To do → Beginning with the line containing "Image of 2000" and ending with the line containing "null VAR. 1811.", write out each line of the records below exactly; pictures and lines outside that range are left out.

Material to process →

BEGIN

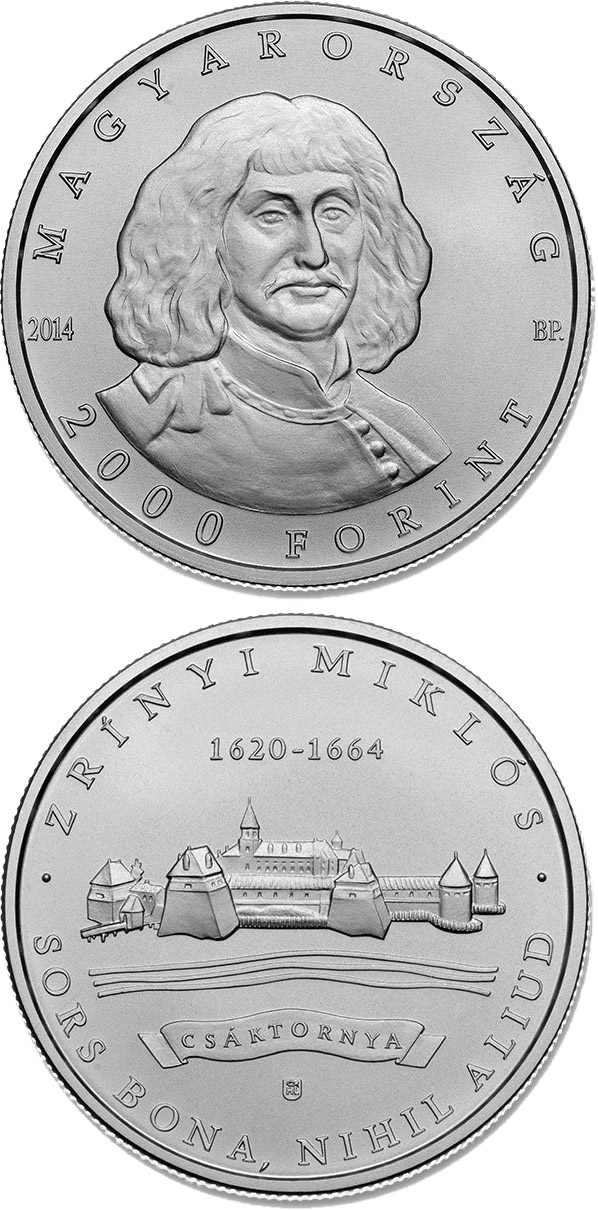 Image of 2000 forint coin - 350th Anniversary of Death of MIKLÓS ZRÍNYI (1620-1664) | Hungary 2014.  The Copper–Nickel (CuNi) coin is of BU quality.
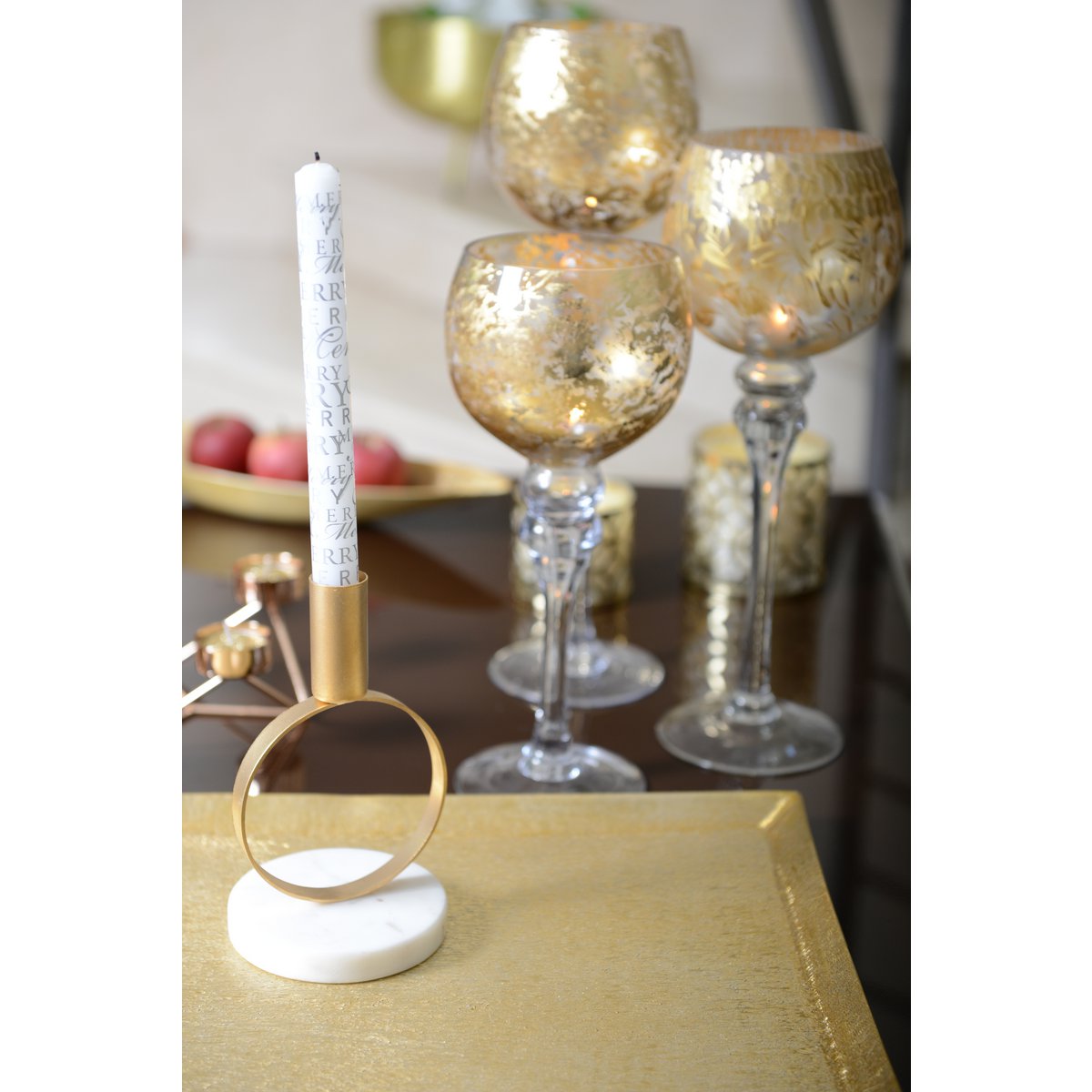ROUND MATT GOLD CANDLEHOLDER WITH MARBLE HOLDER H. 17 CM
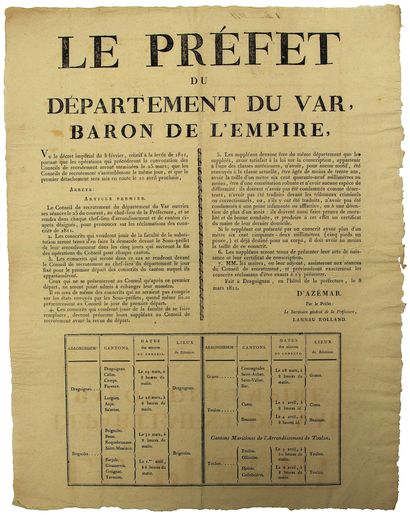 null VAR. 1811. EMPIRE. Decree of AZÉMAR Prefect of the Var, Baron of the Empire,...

END
BEGIN

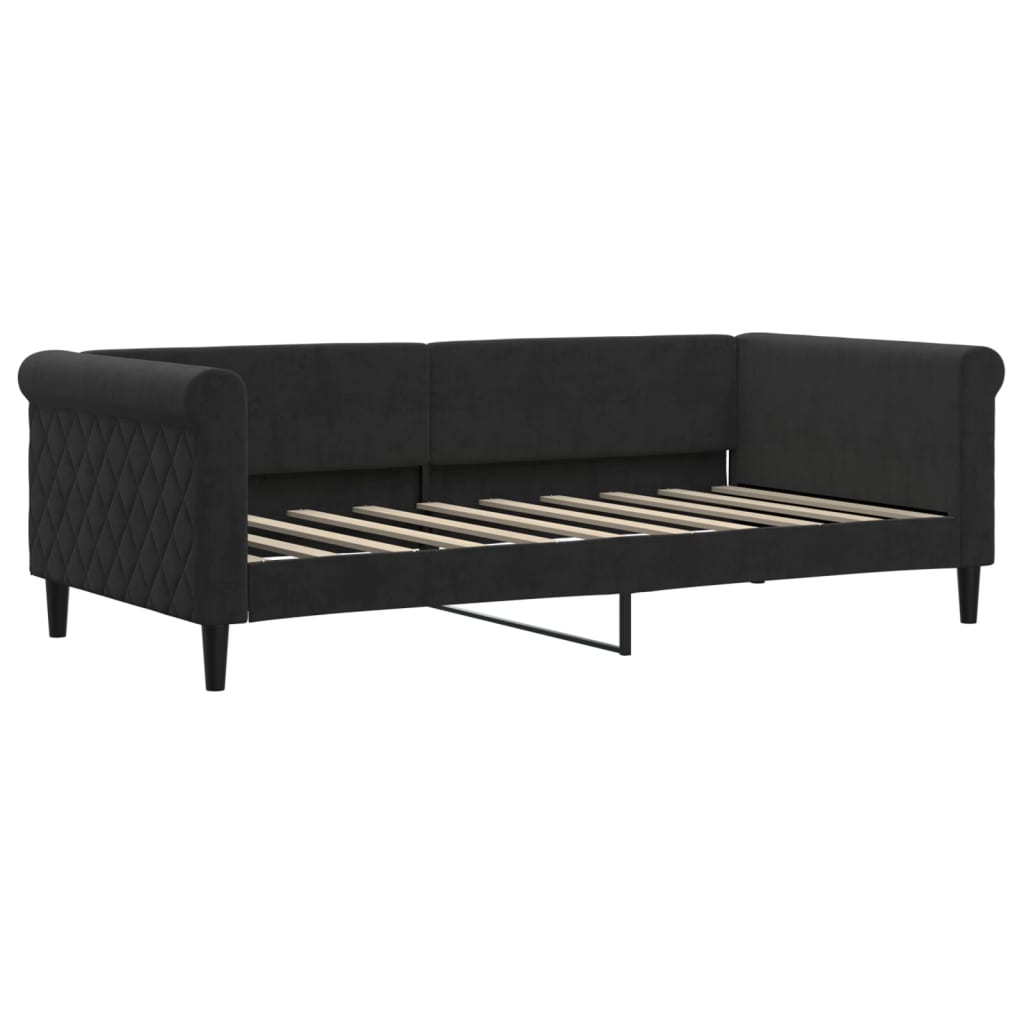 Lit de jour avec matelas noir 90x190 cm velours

END
BEGIN

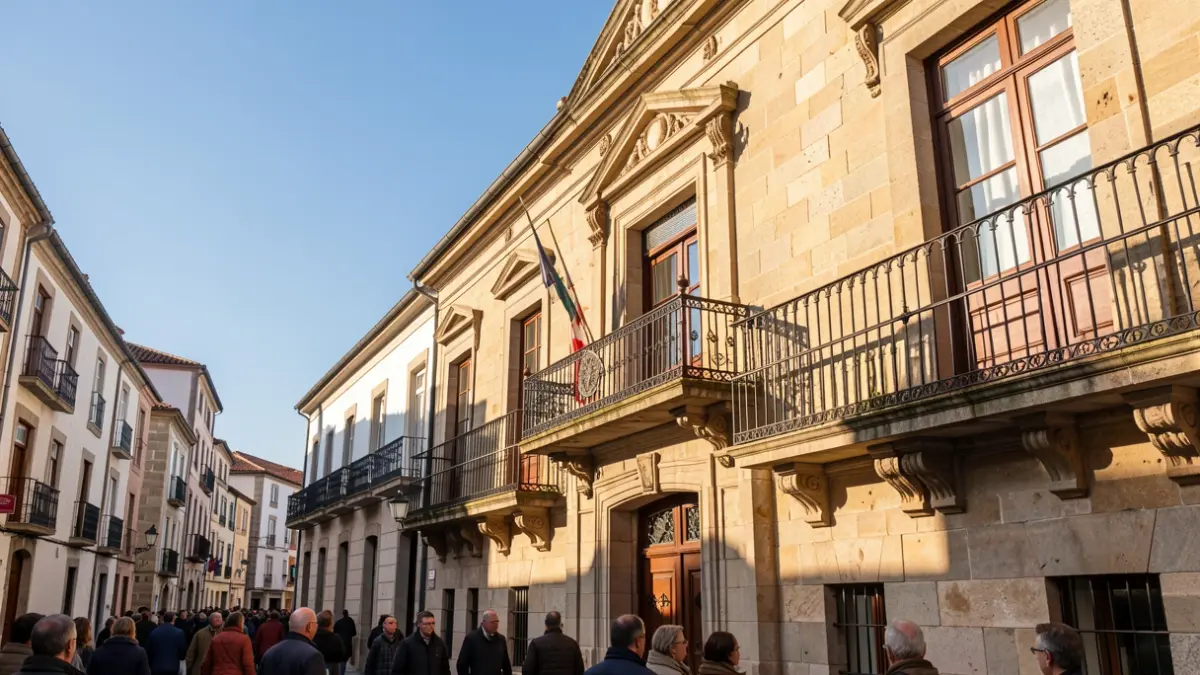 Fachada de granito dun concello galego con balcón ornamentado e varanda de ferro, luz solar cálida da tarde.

END

Expected answer →
 Image of 2000 forint coin - 350th Anniversary of Death of MIKLÓS ZRÍNYI (1620-1664) | Hungary 2014.  The Copper–Nickel (CuNi) coin is of BU quality.
ROUND MATT GOLD CANDLEHOLDER WITH MARBLE HOLDER H. 17 CM
 null VAR. 1811. EMPIRE. Decree of AZÉMAR Prefect of the Var, Baron of the Empire,...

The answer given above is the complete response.